Hükümet, son yıllarda havza yönetim planlarının yanı sıra kuraklık ve taşkın yönetim planlarının hazırlanması konusunda önemli bir kaynak yatırımı yapmıştır. Türkiye, AB Su Çerçeve Direktifi ilkelerine uygun olarak 'hassas su kütleleri, kentlere duyarlı alanlar ve nitrata duyarlı alanlar' olarak tanımlanan 25 hidrolojik havza tespit etmiş ve 25 nehir havzası koruma eylem planı hazırlamıştır.

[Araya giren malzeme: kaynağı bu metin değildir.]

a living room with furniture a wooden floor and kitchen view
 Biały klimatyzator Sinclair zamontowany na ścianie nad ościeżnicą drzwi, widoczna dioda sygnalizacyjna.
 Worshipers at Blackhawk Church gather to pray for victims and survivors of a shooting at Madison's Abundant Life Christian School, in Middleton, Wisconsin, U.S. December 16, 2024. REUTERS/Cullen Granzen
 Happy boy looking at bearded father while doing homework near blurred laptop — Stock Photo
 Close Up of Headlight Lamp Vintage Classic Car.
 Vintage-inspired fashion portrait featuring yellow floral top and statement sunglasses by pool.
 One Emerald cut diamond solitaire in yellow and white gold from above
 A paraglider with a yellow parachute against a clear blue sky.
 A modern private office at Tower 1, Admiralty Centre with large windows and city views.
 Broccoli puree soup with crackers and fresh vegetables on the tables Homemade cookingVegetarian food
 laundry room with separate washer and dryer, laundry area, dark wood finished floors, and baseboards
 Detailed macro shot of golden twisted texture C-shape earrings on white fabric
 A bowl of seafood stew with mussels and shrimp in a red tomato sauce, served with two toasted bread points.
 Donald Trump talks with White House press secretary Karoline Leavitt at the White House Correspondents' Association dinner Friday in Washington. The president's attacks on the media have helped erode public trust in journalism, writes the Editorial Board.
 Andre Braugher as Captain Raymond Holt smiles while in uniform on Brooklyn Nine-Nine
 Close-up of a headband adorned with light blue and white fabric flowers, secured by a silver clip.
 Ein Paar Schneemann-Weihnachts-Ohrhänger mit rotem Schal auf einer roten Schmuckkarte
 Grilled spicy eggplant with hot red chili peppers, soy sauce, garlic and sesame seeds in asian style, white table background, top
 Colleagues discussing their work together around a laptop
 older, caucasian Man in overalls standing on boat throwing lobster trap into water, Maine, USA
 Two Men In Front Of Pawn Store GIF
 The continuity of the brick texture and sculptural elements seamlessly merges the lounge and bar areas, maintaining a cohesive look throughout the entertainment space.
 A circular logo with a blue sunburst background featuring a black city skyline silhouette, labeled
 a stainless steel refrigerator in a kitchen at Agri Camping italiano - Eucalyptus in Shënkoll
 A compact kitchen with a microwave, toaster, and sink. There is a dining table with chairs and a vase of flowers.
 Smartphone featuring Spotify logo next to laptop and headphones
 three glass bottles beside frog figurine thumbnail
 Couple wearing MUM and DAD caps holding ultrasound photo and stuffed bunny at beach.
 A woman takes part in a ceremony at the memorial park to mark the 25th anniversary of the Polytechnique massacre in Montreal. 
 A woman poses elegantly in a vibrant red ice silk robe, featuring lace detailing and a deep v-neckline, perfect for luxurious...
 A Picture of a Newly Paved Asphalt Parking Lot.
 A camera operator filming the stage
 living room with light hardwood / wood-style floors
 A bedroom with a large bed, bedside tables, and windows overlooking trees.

Türkiye'de tüm atık su altyapı idareleri, tamamen maliyeti karşılayabilir atık su tarifelerine geçmiştir. Atık suların yeniden kullanımı ve çamur çürütme gibi su ve atık su sektörlerindeki gelişimi hızlandırmak adına Türkiye'de pek çok yenilikçi uygulama araştırması yapılmaktadır."